Potentially, such an inquiry opens the BBC up to huge embarrassment, not to mention future legal claims, but it has to be done. As Lord Patten said, the Savile allegations have become a "cesspit". If the BBC does not drain it there will be a stench over the corporation for years to come.
Joining the BBC in the courtroom if not in the dock of public opinion are newspapers. One of the reasons advanced for the conspiracy of silence about Savile was that he was, in the parlance of today, too big a name to fail. Harm my reputation, he was said to have told the tabloids, and you'll cost lots of charities a mountain of money.
The "too big a name to fail" argument doesn't stack up. That Savile was involved with charities should have made him a bigger target for newspapers.
Did they really lay off him so as not to hit charities in the bank accounts, or was it more the case that Savile had friends in high places and stopped stories that way? We will probably never know. But the notion that stories were spiked to protect charity cash simply does not pass the smell test.
Elsewhere in the media, the response to the Savile scandal has been mixed. In one camp are those who said they had heard the rumours, but for reasons of their own – they weren't in a position to take action, they had no evidence and so on – they chose not to say anything. Even more bizarre is the notion that saying nothing was just a product of the times, as if child abuse was a quaint notion alongside getting up to switch the telly over and power cuts. One can understand people being unable to comprehend that such things as child abuse can happen. The human mind, for self-preservation reasons, shrinks from evil. People were, and to some extent still are, naive about abuse. That's what abusers rely upon.
Amid the many turns this story is now taking, it has been heartening to see not just victims of Savile come forward, but people, women especially, speak of their own experiences of harassment in general. Liz Kershaw, the DJ, says she was groped while at Radio 1 in the 1980s. Judy Finnigan, the television presenter, has spoken out about a newsroom boor given to impromptu stripshows.
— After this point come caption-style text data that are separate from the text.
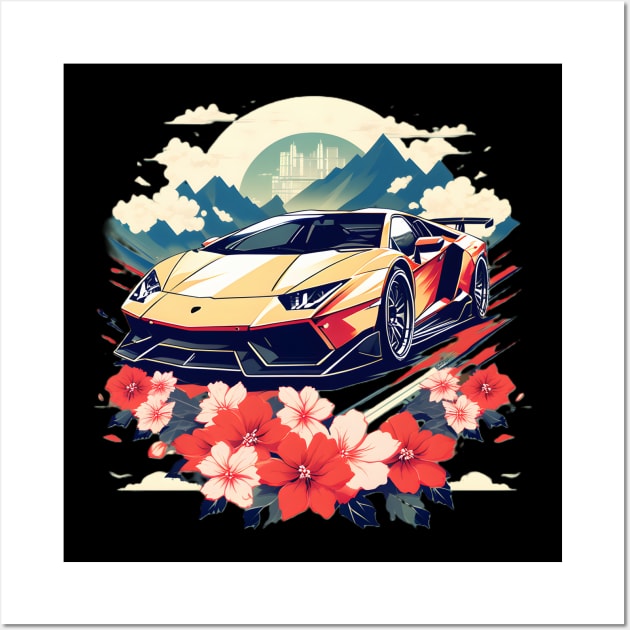 Lamborghini Aventador Wall Art by Tuner Society SA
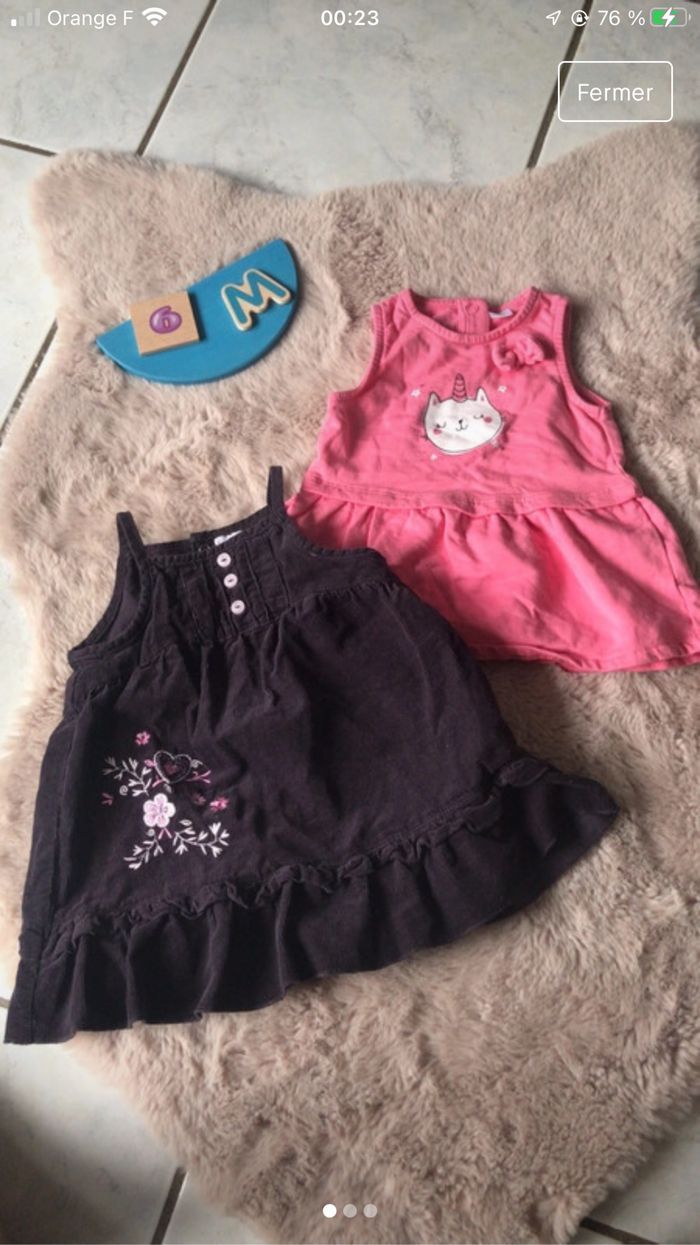 Lot robes fille 6mois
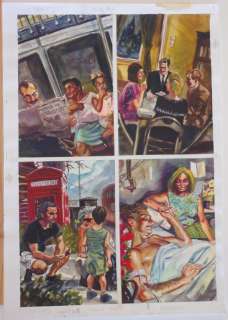 Dan Brereton | Watercolor, DREAD #1 pg 1, Clive Barker, 14x20. 1992 | High Quality Comics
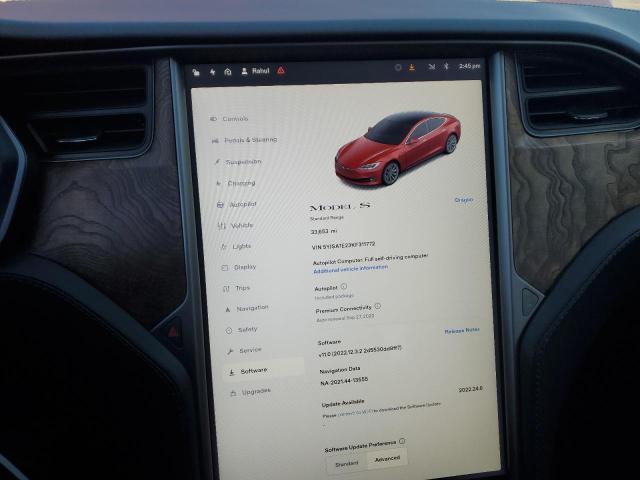 5YJSA1E23KF311772 - 2019 TESLA MODEL S RED photo 9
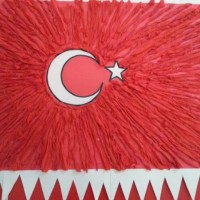 atatürk köşesi ,gelişim dosyası süslemesı .maske kağit işleri,sınıf süsleri ,artık materyal (489)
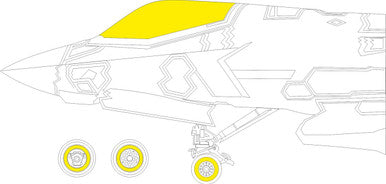 Eduard EX1097 1/48 F-35C TFace Canopy Mask Set MASK for TAMIYA Kit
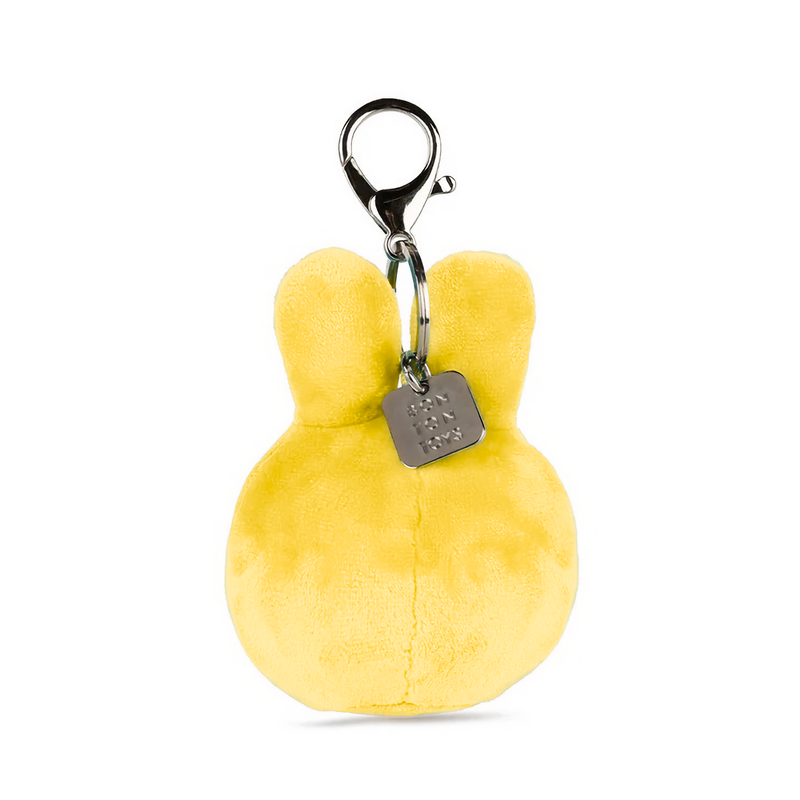 Bon ton toys Miffy squish ball keychain, yellow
She did not speak out at the time because she feared being labelled "a prig and idiot".
Not all the developments have been heartening, however. Amid the symphony of comment about Savile, there is one quiet but troubling note being struck – that this sort of abuse could not happen now, that young women today are more likely to complain about workplace harassment or inappropriate behaviour, be it a smutty remark or worse. One commentator even said young women were more likely to lamp a creep than tolerate them.
We cannot know this for certain, because it is in the nature of harassment that it is only exposed once victims raise their voices. Even then, it is a gamble. In the workplace, anyone choosing to make a formal complaint has to weigh up how it will affect their career, what others will say and whether they can cope with the stress of what could be a long, drawn-out process of investigation. It takes courage to take that gamble, but it is one all victims of harassment, male and female, should be encouraged to take. Otherwise the age of the creep goes on.
The fear, unspoken by too many, is that it could get worse. The internet has opened up a whole new front in sexual exploitation, the scale of which we have not even begun to comprehend or assess. Porn continues its ever sickening voyage into the mainstream.
It is terrifying, and its effects will be even more widespread if, like those who turned away from the Savile claims, we hope naively that it will go away. Creeps and their creepy crawly ways flourish in the murk. It's time to switch the light on.